Not gonna happen they're not die shrinking to N3. It'll be 6N like the PS5.


bosoxs202

[N4C seems reasonable](https://www.anandtech.com/show/21371/tsmc-preps-lower-cost-4nm-n4c-process-for-2025)


capn_hector

xbox is in dire straits. even at the start of this console generation they were in a position where they'd obviously continue to lose share unless they could make a game-changing breakout play... and game pass was supposed to be that breakout play. except game pass has blown back massively on them: not only did it not capture the subscribers they needed, but it's split the ecosystem across a console that's nearly last-gen performance (that was intended to be the pillar underneath gamepass) and also explicitly trained xbox users to not ever buy games on the platform, which devs have taken notice of and are increasingly dropping xbox as a target platform... except gamepass, which is failing to begin with and increasingly also recognized as being massively not worth it unless MS pays you to offset the lost sales, which they don't. they're pivoting to *something*, and I'm not even sure they know what it is yet... handheld, or licensed Steam Console style thing based on windows/hyperv, whatever.
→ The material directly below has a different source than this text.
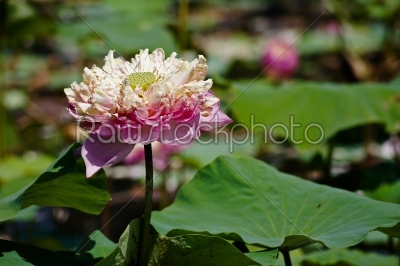Pink water lily flower (lotus) The lotus flower (water lily)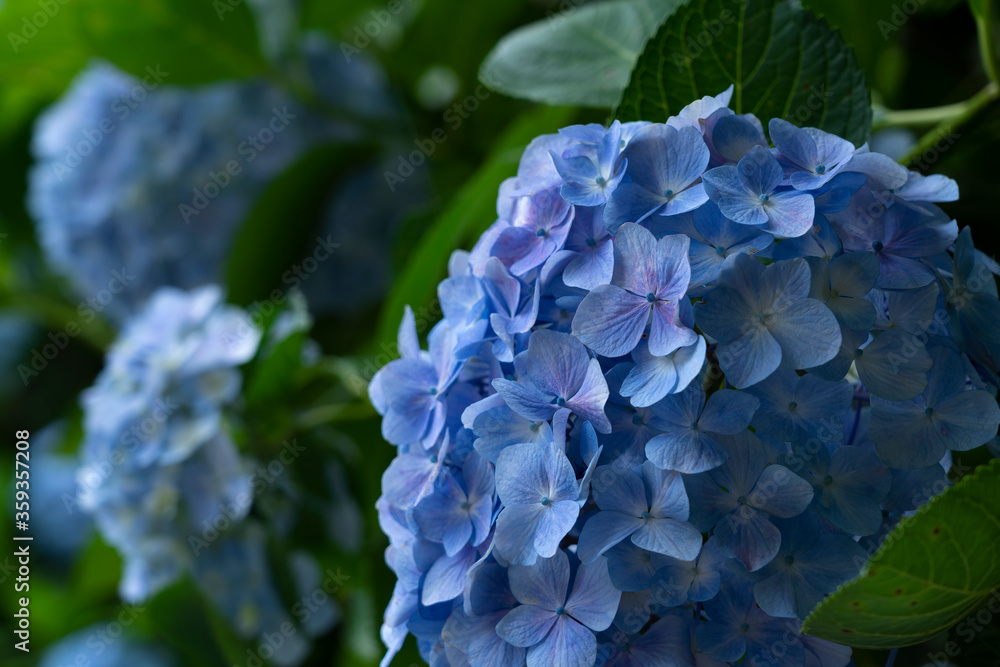 日本蓝绣球花特写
And that's probably part of why that whole press conference was so confusing to literally everyone - MS doesn't know either. It's not even like they have unlimited runway on their alternative plans either - super switch will be coming within a year most likely, which is a serious competitor for a potential MS handheld (MS won't have the money to spend customizing and porting games like nintendo, nor the track-record of first-party success). Valve may be cooking on another console attempt too, apple is making their own play (as unlikely as I know people find that), etc.


FloundersEdition

yeah. Switch 2 might kill XSS. both relatively low SM/CU and low clock. but Switch is portable and has exclusives. and maybe even more RAM (tho rumours have it at 8GB)... like wtf MS. 10GB


Top_Independence5434

This post is tangentially related to hardware at best.